The answer consists of the lines from the line holding "this 600×450 image." through the last line of the entries, retyped exactly, and nothing else. No pictures belong in it.

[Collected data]
- - - - - - -

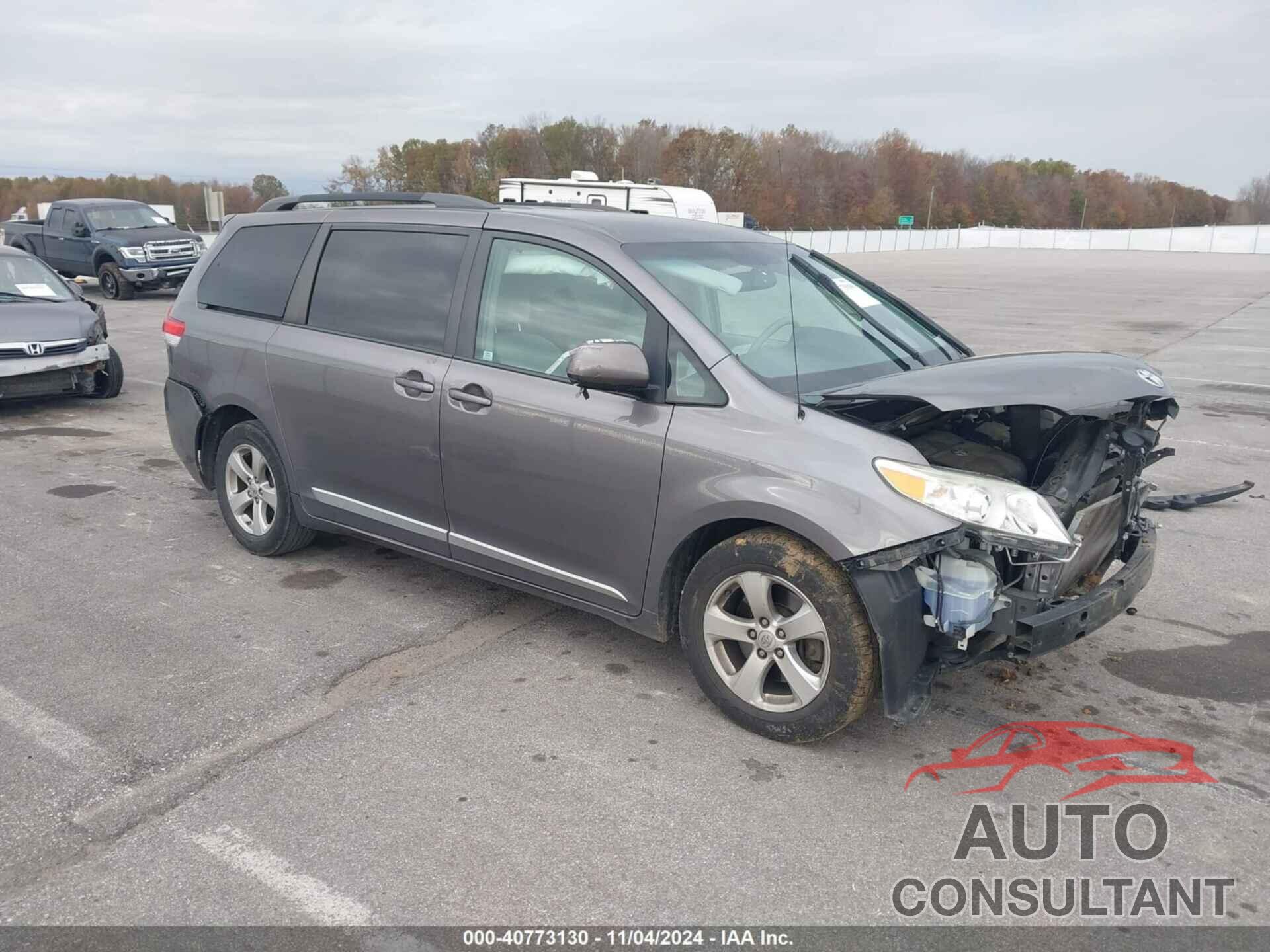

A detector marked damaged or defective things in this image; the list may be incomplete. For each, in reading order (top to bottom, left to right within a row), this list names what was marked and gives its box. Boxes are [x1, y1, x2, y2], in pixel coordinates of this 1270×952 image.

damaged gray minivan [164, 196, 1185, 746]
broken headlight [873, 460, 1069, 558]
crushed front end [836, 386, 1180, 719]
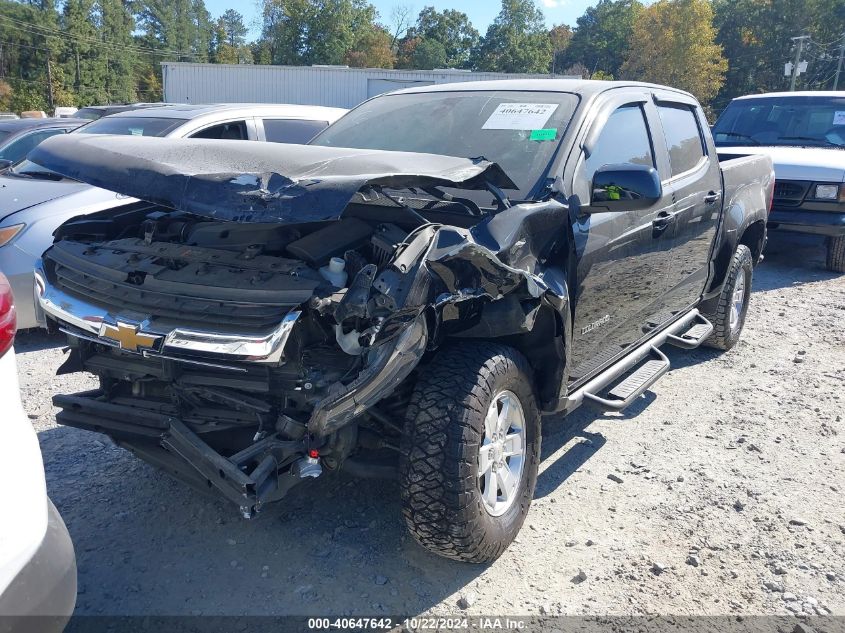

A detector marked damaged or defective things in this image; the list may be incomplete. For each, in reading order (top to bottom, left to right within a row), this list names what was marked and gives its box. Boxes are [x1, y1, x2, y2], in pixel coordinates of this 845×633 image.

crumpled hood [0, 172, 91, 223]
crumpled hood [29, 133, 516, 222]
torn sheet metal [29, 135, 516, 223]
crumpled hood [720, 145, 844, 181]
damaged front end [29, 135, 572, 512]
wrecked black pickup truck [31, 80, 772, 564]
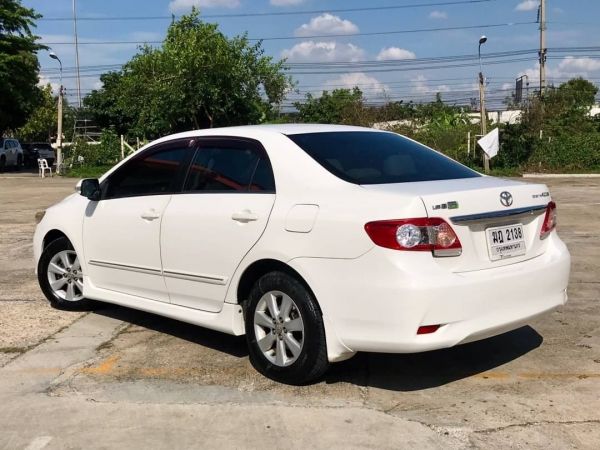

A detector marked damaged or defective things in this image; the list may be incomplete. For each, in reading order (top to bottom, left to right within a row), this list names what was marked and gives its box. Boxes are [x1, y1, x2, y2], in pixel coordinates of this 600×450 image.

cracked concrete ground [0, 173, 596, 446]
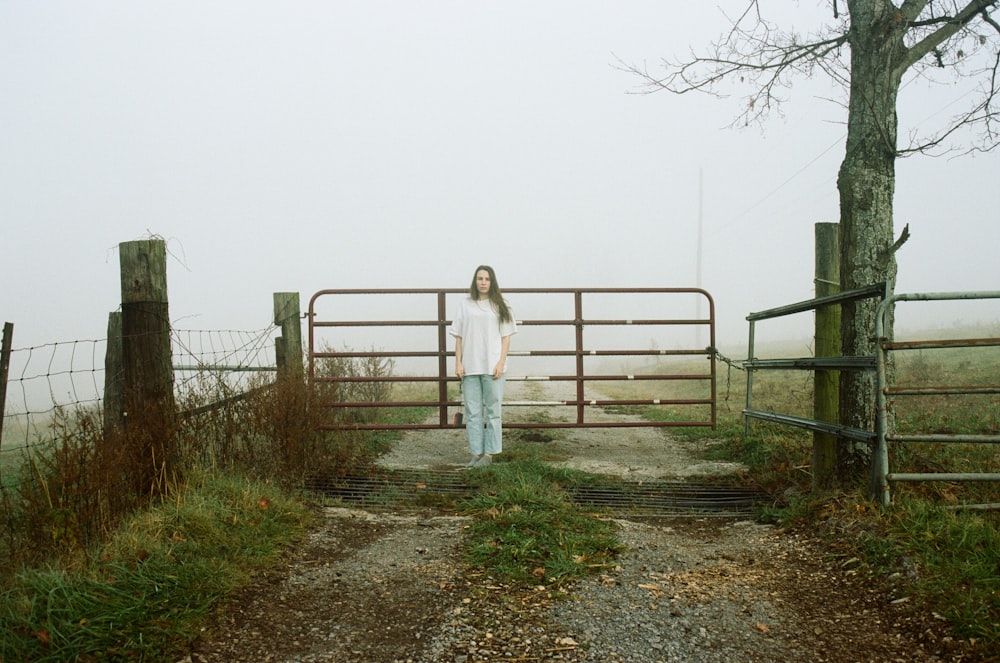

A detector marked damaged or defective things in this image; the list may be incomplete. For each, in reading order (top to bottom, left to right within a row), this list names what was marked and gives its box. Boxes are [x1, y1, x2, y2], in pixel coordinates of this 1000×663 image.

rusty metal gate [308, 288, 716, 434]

- - - - - - -

• **Response area**
A detector marked damaged or defective things in this image; the list may be incomplete. For each, in reading order (top to bottom, left to right within a row), this list names what was marked and gives its box. Boxes are [x1, y1, x2, y2], in pixel coordinates of this 600×450 image.

cracked concrete ground [0, 173, 596, 446]

A detector marked damaged or defective things in this image; the list may be incomplete. For each, in reading order (top to bottom, left to right within a row), this list names what was marked and gives its box. Boxes are [x1, y1, x2, y2], in pixel coordinates of this 1000×663 image.

rusty metal gate [308, 288, 716, 434]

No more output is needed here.